EHPAD de l'Angélique
Sources : EHPAD de l’Angélique – Niort

Bien que l’accompagnement soit essentiel, le processus de deuil est vécu différemment, comme l’a expliqué la psychologue : « Je rencontre également des résidents qui retrouvent un équilibre après le départ de leur conjoint. » Pour de nombreuses personnes, la mort du conjoint n’est pas perçue uniquement comme une expérience de tristesse, mais aussi comme une forme de libération. Dans une vie où la dépendance a régi le quotidien du couple, la perte de l’un des conjoints peut amener à se recentrer sur soi-même, à devenir plus sociable ou encore à découvrir de nouvelles choses. Cassandre Desré a pu être témoin de diverses réactions suite à la perte d’un proche, comme l’arrivée d’un nouvel équilibre. Malheureusement, les réactions ne sont pas majoritairement joyeuses. La psychologue nous a partagé plusieurs anecdotes, dont celle-ci : « Une autre résidente, qui a perdu son mari il y a environ un mois, semblait consciente du décès, mais ne manifestait que peu de signes de détresse morale au début. Puis il semblerait que son corps ait pris le relais, car elle a dû être hospitalisée pour suspicion d’infarctus et n’a pas pu se rendre aux obsèques. » Cette réaction montre comment le corps réagit, parfois sans que la conscience ait encore effectué le travail d’assimilation. Une assimilation différente d’une personne à une autre, rendant le sujet complexe à appréhender.

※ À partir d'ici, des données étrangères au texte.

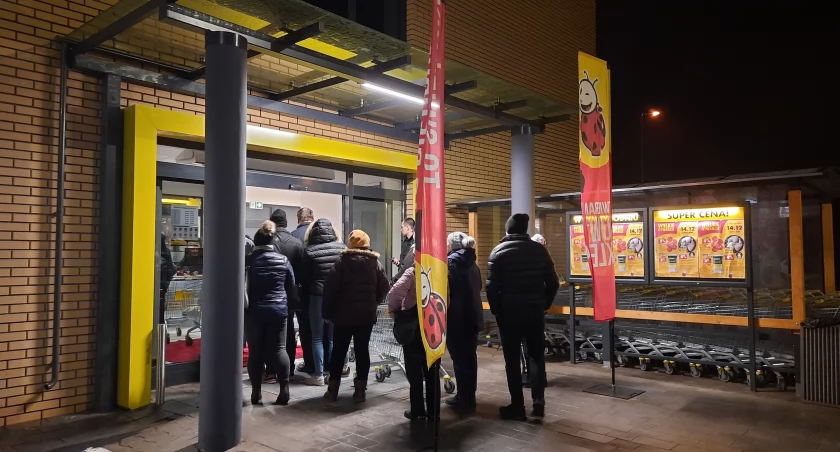 Łowicz. Otwarcie Biedronki na Korabce (foto)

« Je crois qu’il y a de l’espoir malgré tout », « Vive la vie », « Je dirais avec vous que la vie est belle, mais elle se termine toujours trop tôt. » Ce sont les mots que les résidents de l’EHPAD de l’Angélique ont souhaités nous adresser, dans le but de transmettre de l’espoir et du soutien aux personnes en deuil, tout en apportant un peu de positivité auprès d’un sujet aussi ardu à traiter.